Okay, It's Not All Doom and Gloom
Luckily, some applications are inherently scalable and can accommodate exponential growths in data by applying additional computing resources. For example, digital content creators generally assign one frame of a movie to a single thread. It really doesn't matter how long that thread takes to complete as long as the number of thread completions per unit of time scales appropriately. Other examples include some High Performance Computing (HPC) applications (often developed using the Message Passing Interface (MPI) or OpenMP programming models) or other applications developed using Google's MapReduce library (see also Apache Hadoop).
Furthermore, a nice property of the transition from clock frequency increases to multicore processors is that memory latency is no longer a worsening problem. Those of us who remember the utter joy of upgrading from 026 to 029 keypunches (the 10 or so of you who are now in danger of dropping your dentures!) also remember when memory systems ran at the same speed as the CPU; a word of memory was one clock tick away from the CPU. As processor speeds increased, this relationship failed to keep pace, up to the point where at 3GHz (.333ns cycle) and approximately 80ns latency, a word of memory is approximately 240 ticks away from the CPU.
A particularly helpful side effect of keeping a constant CPU frequency is that the relative time (in clock ticks) to access memory no longer increases with new generations of processors.

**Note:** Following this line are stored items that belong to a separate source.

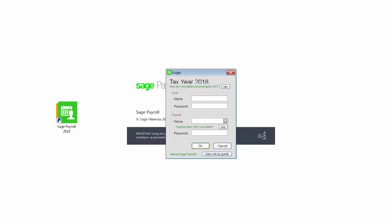The first thing you need to do is log in to Sage Payroll as the system administrator. The username is admin and the default password is pass unless you've changed it. Click OK.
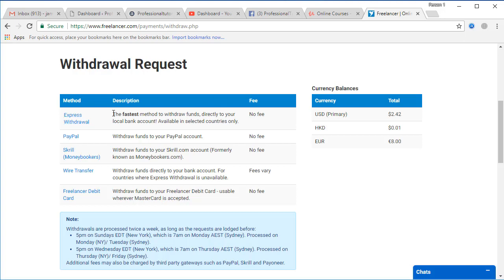From the description you can also see that the fastest method to withdraw funds directly to your local bank account is available in selected countries only, and that country also includes Pakistan. Now click that.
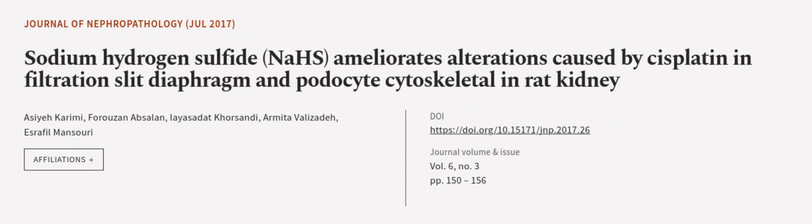This article was authored by Asiya Karimi, Ferozan Abzalan, Lyosadak Korsandi, and others. We are article.tv, links in the description below.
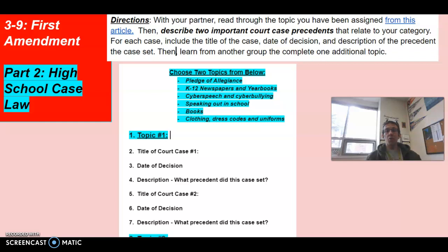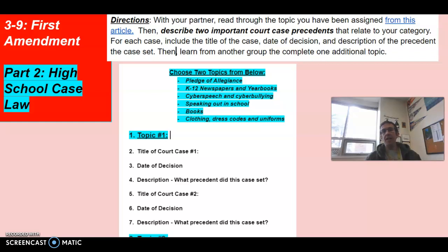The linked assignment does have some court cases in it, so the intent is to use those — but if you want to go off and find other court cases, that's okay too. You go through and identify: what is the court case, what date was the decision, and what precedent did this case set? In other words, because of that court case, what is the rule or law in relation to that topic? Do that for two court cases per topic, and choose two topics total.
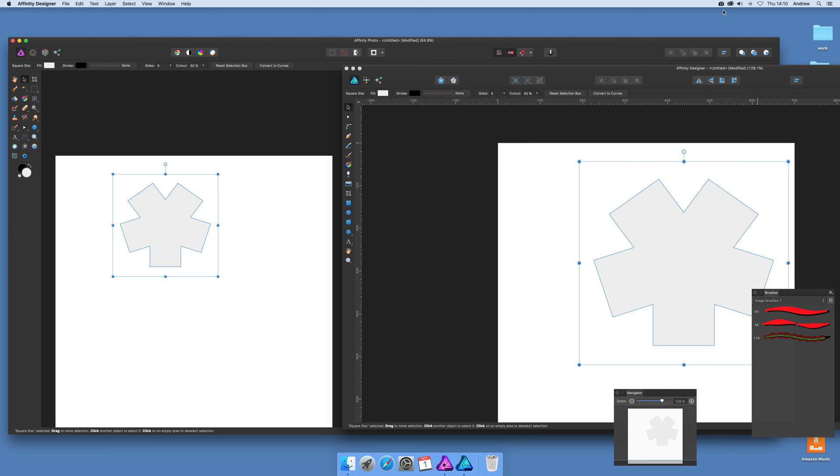In this tutorial I'm going to show you how you can use the split view feature for Affinity Designer and Affinity Photo.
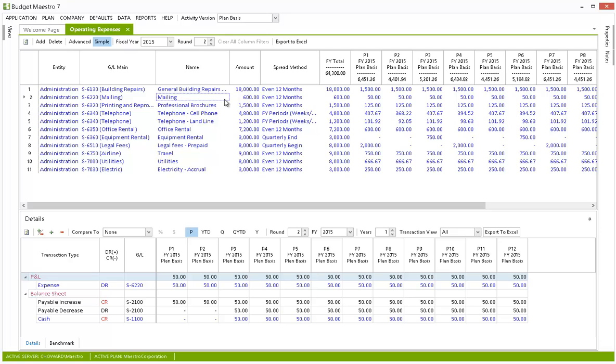Unlike other solutions, Budget Maestro is the only tool that has synchronized P&L, balance sheet, and cash flow reporting to strategically help companies budget and forecast quickly and accurately.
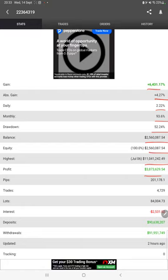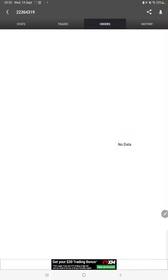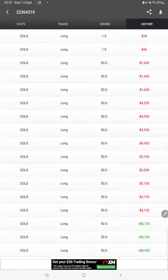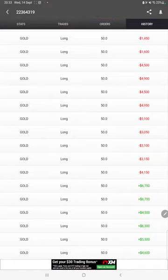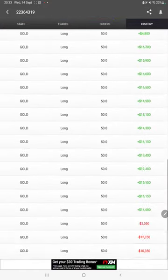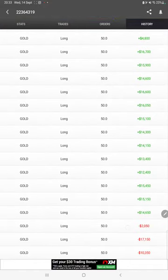We can also see the open trades here, verify the pending orders, and in history we can see how much lot size we have traded and how much profit and loss we have made.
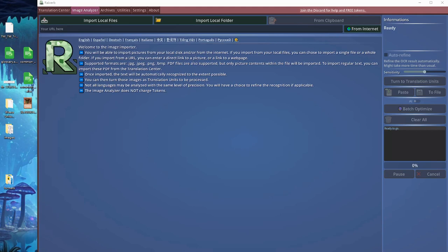Okay, hello. I'm here to introduce the image analyzer section of Rayverb. The image analyzer section can be found on the top tab here under image analyzer, which is the second tab.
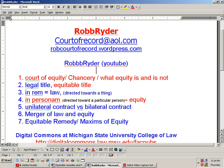Hey everyone, it's Rob Reiter, November 1st 2012. My email is courtofrecord@AOL.com. Attachments can be found at robcourtrecord.wordpress.com. Audios are on Rob Reiter — R-O-B-B-B-R-Y-D-E-R — on YouTube. We're talking about the court of equity: what chancery was, what equity is and is not, legal and equitable title, in rem versus in personam, unilateral versus bilateral contracts, merger of law and equity, and equitable remedy maxims.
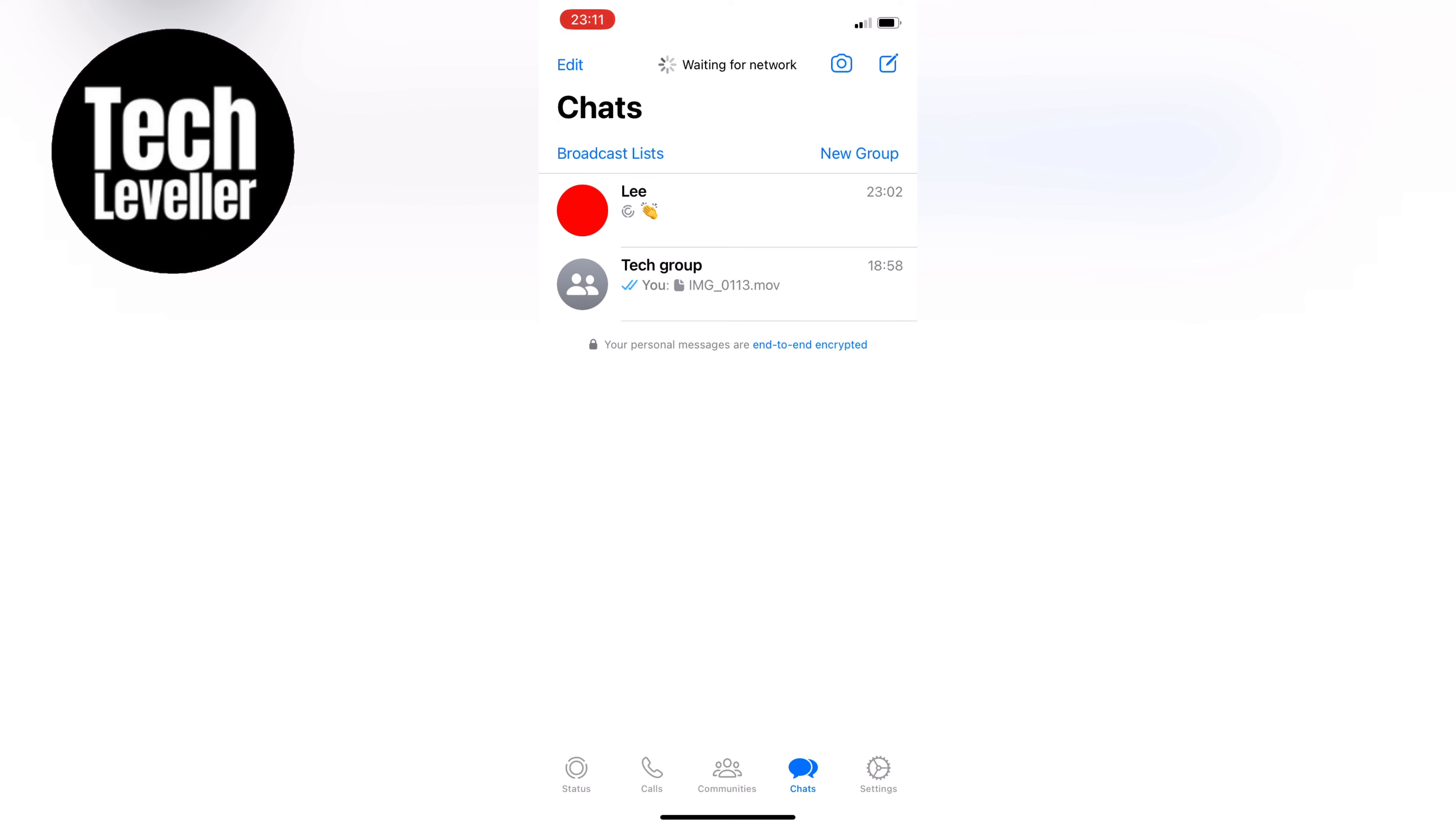In summary, if you block someone on WhatsApp, they won't be notified, but there are some indications that might give them a clue that you've blocked them.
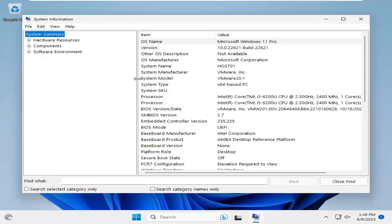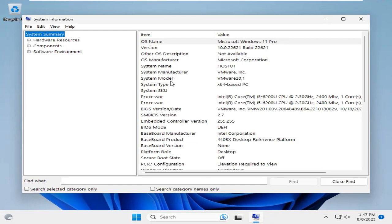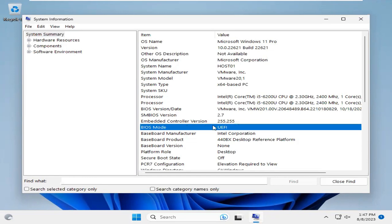You will find all information about your system including BIOS mode. Look here, this is BIOS mode and the BIOS mode is UEFI.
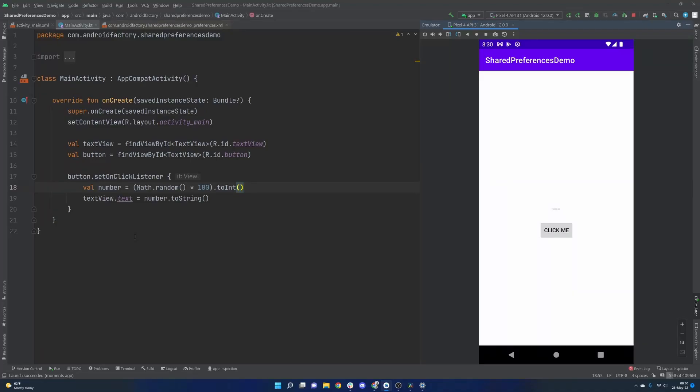Hello everybody and welcome back. Thanks for tuning in to another episode here. My name is Dominic and I'm the host of the Android Factory. So today we're going to talk about shared preferences and how they can be useful for persisting data between app launches.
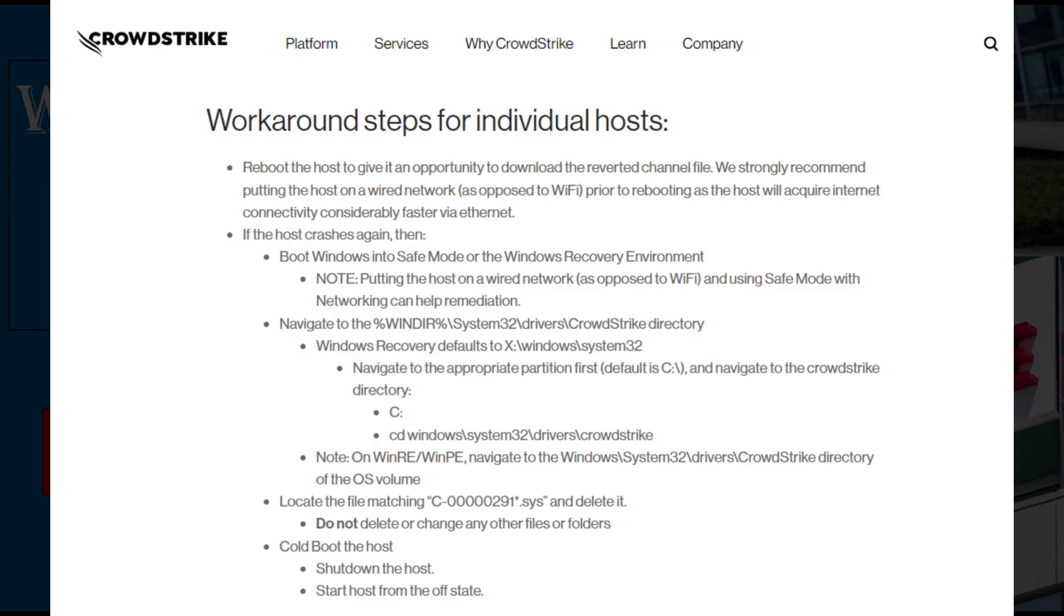At this location, find the file name that starts with C-000029 and ends with .sys. Once you identify the file, delete that file. After that, boot the system normally.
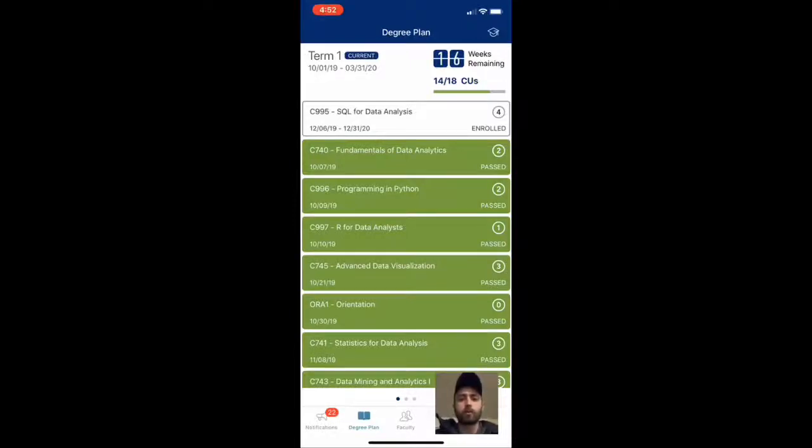Okay, so I wanted to talk a little bit about the MSDA program at WGU, which is the Masters of Science in Data Analytics.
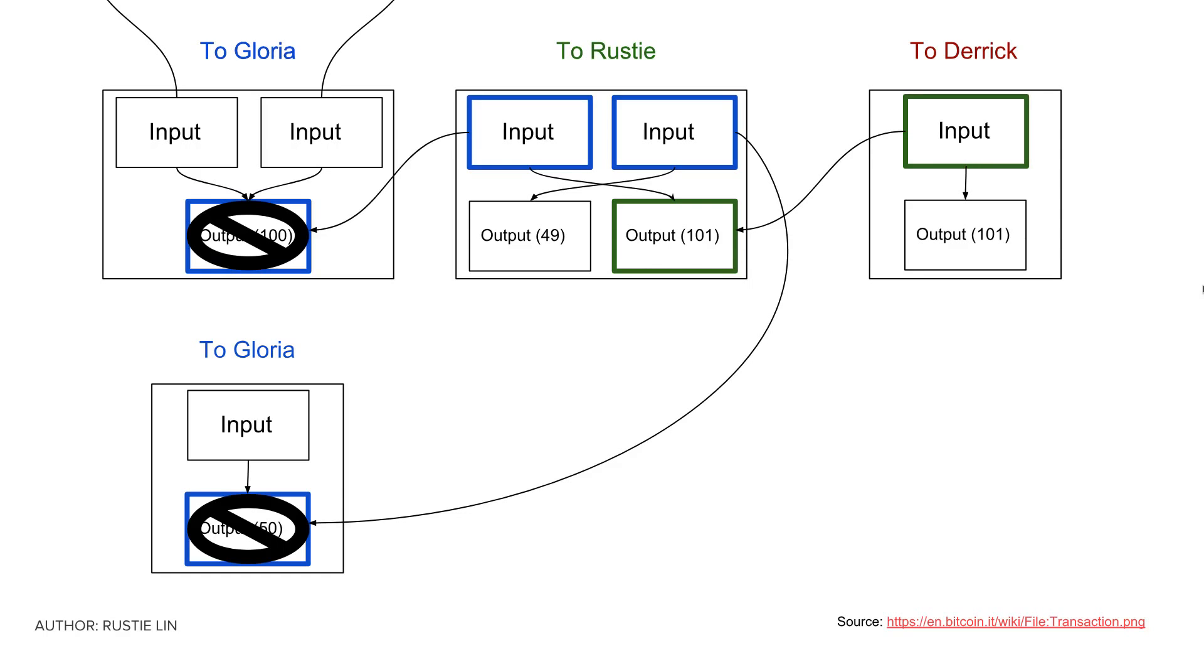This is how Bitcoin effectively keeps track of individual transactions and prevents anyone from spending incorrect amounts of Bitcoin.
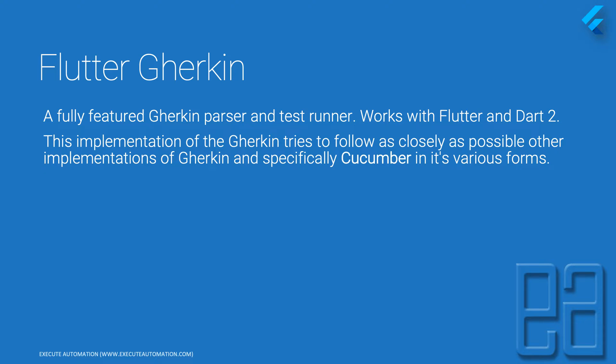Cucumber, as you know, is available in many different languages like Java, C Sharp, TypeScript, JavaScript, and things of that nature.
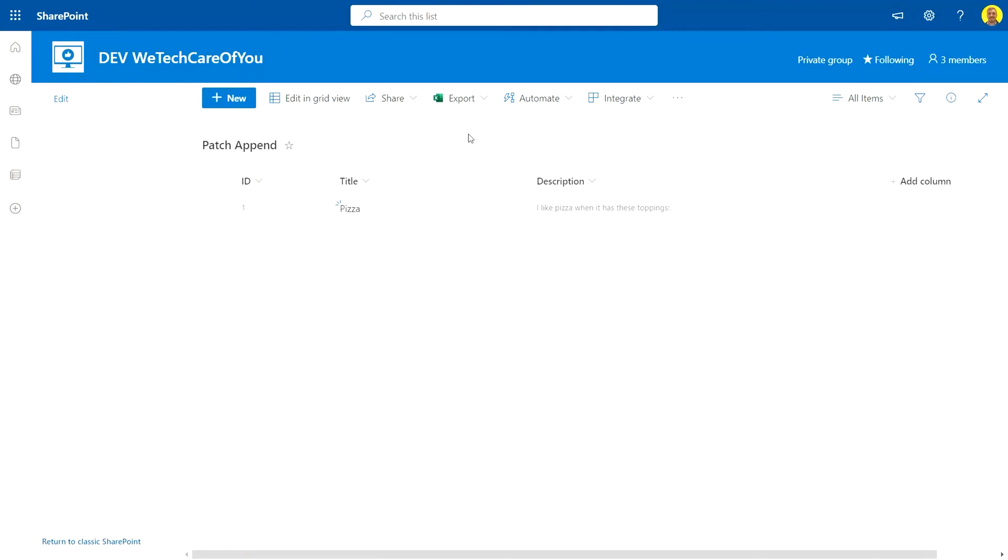Hello everyone, this is Kyle from We Tech Care of You. Today I'm going to show you how you can do a patch function in Power Apps to edit an existing record and append the information to an existing value.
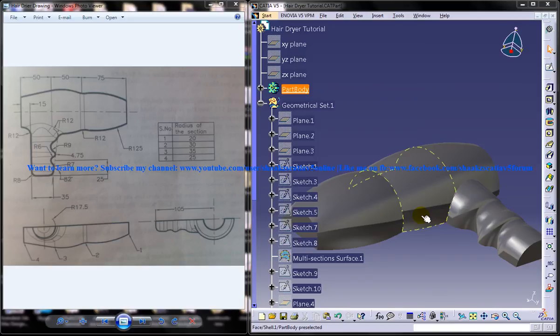Hi friends, this is Mohamed Shaqeel here. In this tutorial, I'm going to show you how you can design a hair dryer using CATIA V5.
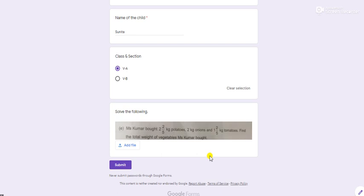Now the next step is save that image on your mobile phone if you are attempting this question paper through mobile phone. In the same way, if you are attempting your subjective question paper through laptop or system, then save that picture on your laptop or system.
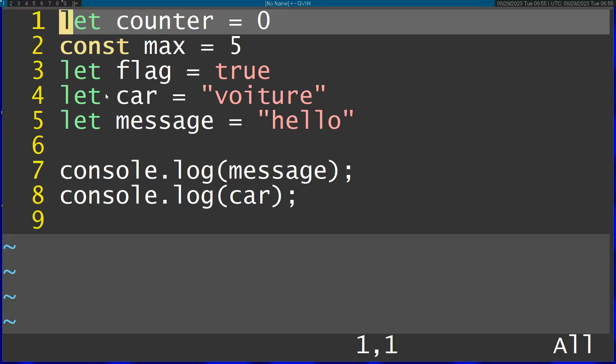So Vim actually doesn't really need multi-cursors because it has a couple of built-in features that are way more powerful, and I'm going to show you a couple of them.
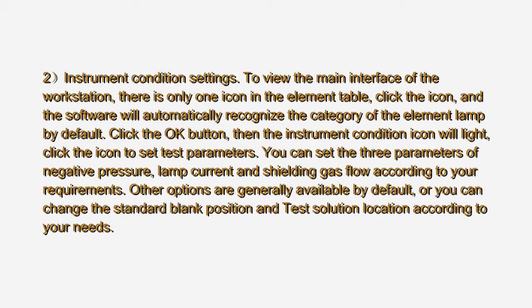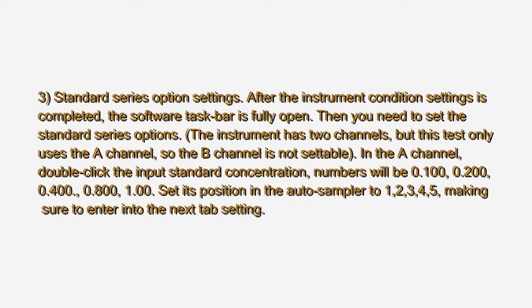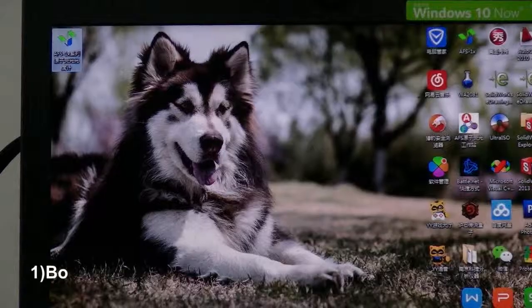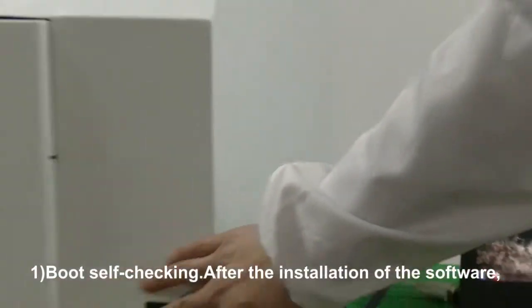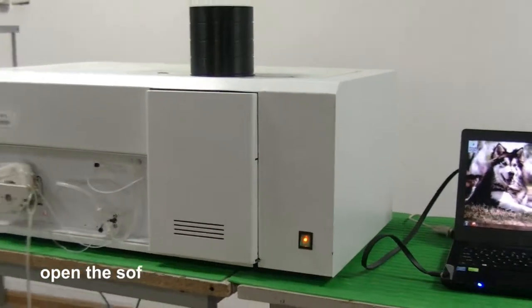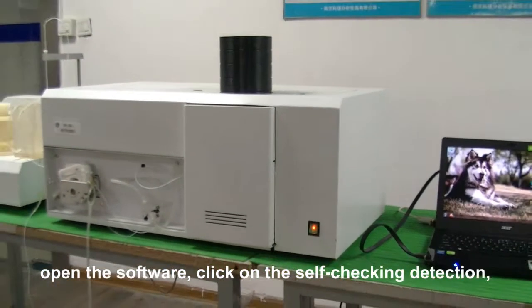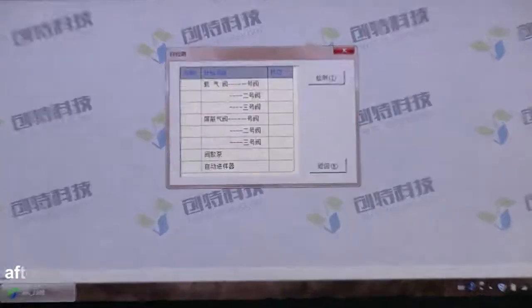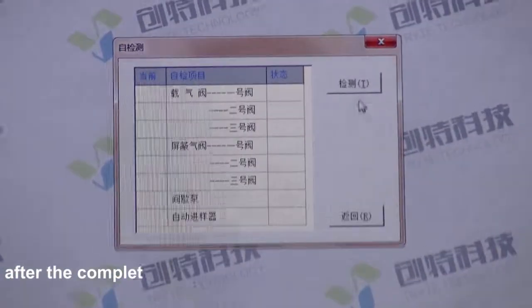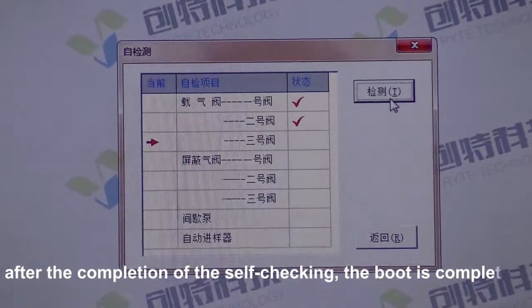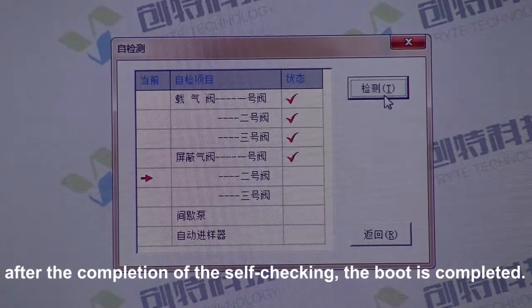Step 3: Software Settings. Sub-step 1 — Boot self-checking. After installation of the software, you can directly turn on the instrument power switch. Open the software and click on the self-checking detection. After the completion of the self-checking, the boot is completed.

Many applications aren't able to take full advantage of the current CPU clock speeds as their performances are dictated by memory latency (for example, programs that spend most of their time chasing linked lists). If many copies of these programs are run in parallel, latency can be overcome -- the cores collectively can provide enough outstanding loads to "hide" the underlying memory system latency. In fact, early multicore systems were designed with such workloads in mind.
Also, keeping a relatively stable clock speed has had a positive affect on CPU power consumption. Calculations by Intel for 65nm CPUs showed that increasing the core frequency by a factor of 1.3 would double CPU power consumption. Doubling the core count and retarding the clock by 10 percent, in contrast, would boost performance by a factor of 1.8 with no increase in CPU power consumption.